And Laurel waits. Waits for the sound of the infant’s wailing, the one she’s been waiting to hear for so long. Prays for it. Begs whatever higher power is up there, desperately, to make it come – but it doesn’t.

It never does.

Instead there’s just silence, as the minutes pass like hours, ticking by on the clock in the corner. More beeping. More low voices, coming from the doctor and the nurses, so many sounds but never the one she wants to hear – and when she catches the eye of one of the women standing across the room, and notices the shiny tears on her cheeks, Laurel knows it’s over. Something like a sob escapes her, her face crumpling, the sound barely human.

It’s then that Frank finally loses his cool.

“Why isn’t she cryin’?” he demands, voice gruff and strained. He rises to stand, his hand sliding out of hers. “Hey. The hell’s goin’ on?”

“Sir.” The same nurse Laurel had spoken to before steps in his way, holding up her hands. “Sir, please, we need you to remain calm.”

“Not ‘til you tell me what’s going on!” Frank tries his best to growl, but she can hear how his throat has tightened, how fast his composure is crumbling, tears threatening to approach. He tries to step past her, clenching his jaw. “Let me see her. That’s… that’s my daughter, let me-”

The nurse’s voice is sharp, now; sympathetic, but sharp. “ _Sir_. Go be with your wife. She needs you right now.”

It’s as good as a confirmation. The words only make her cry harder, tears beading hot in her eyes as she locks them on the ceiling, as if to keep them from tumbling down her cheeks. Frank stands still in the middle of the room for the longest moment in the world, hollow and hopeless as he processes the words, and when he makes his way back to her side, all the joy and anticipation – faked or real – has gone out of him. He’s pale. Eyes glistening with tears, too. He looks disbelieving, like some part of him is refusing to accept that it’s true, every inch of him screaming denial. It can’t be true. It _isn’t_ , and it is. It is.

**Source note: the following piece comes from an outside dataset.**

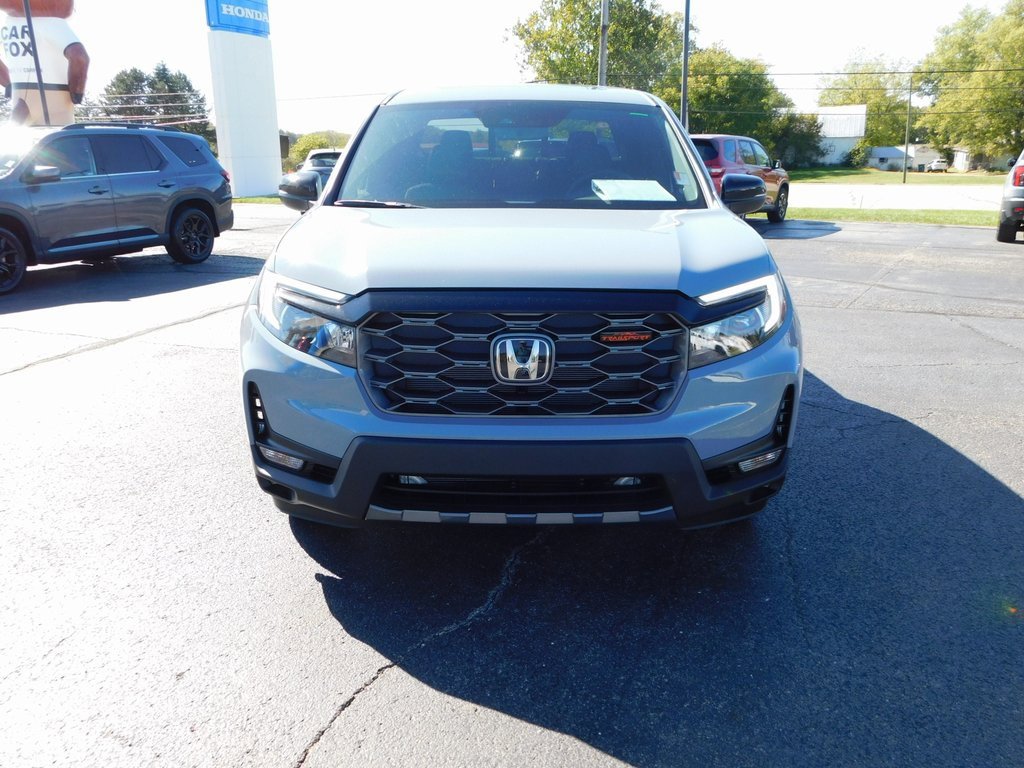 New 2026 Honda Ridgeline TrailSport image 12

She’s dead. Their baby is dead. Ripped out of her. Dead, before she’d even taken her first breath.

Dead, before she’d ever really been alive.

Laurel breaks down into sobs as soon as the realization hits her, brutal and merciless, slicing through every inch of her like a knife. She breaks down into sobs even before the doctor finally turns to them with a grave look on her face, lips pursed tight, and says the three damning words: _I’m so sorry_. Frank, who had somehow held onto the last few shreds of hope until then, breaks as soon as he hears the words, shaking his head, growling at the woman, _No. No, you’re wrong. You’re fucking… You’re wrong._

But he stops, after a while, and turns back to her, crying without restraint. He takes her hand. Tries to say something, be strong for her, but the words die on his tongue, and his mouth falls shut, and he’s lost, again. The sobs wrack her body too, so hard they hurt and she almost chokes on them, and she can’t breathe – God, she can’t _breathe_. She turns her head to the side, reflexively hiding her face, for some reason, though really she wants nothing more than to scream as loud as she can, let the whole world hear her, know her loss. She wants to scream. Scream. Wail. _Shriek_. Still, she’s too weak to do anything but cry pitifully, the tears rolling down her cheeks silently, now and then punctuated by rough, guttural sobs.

Then, all of a sudden, there’s a voice behind them.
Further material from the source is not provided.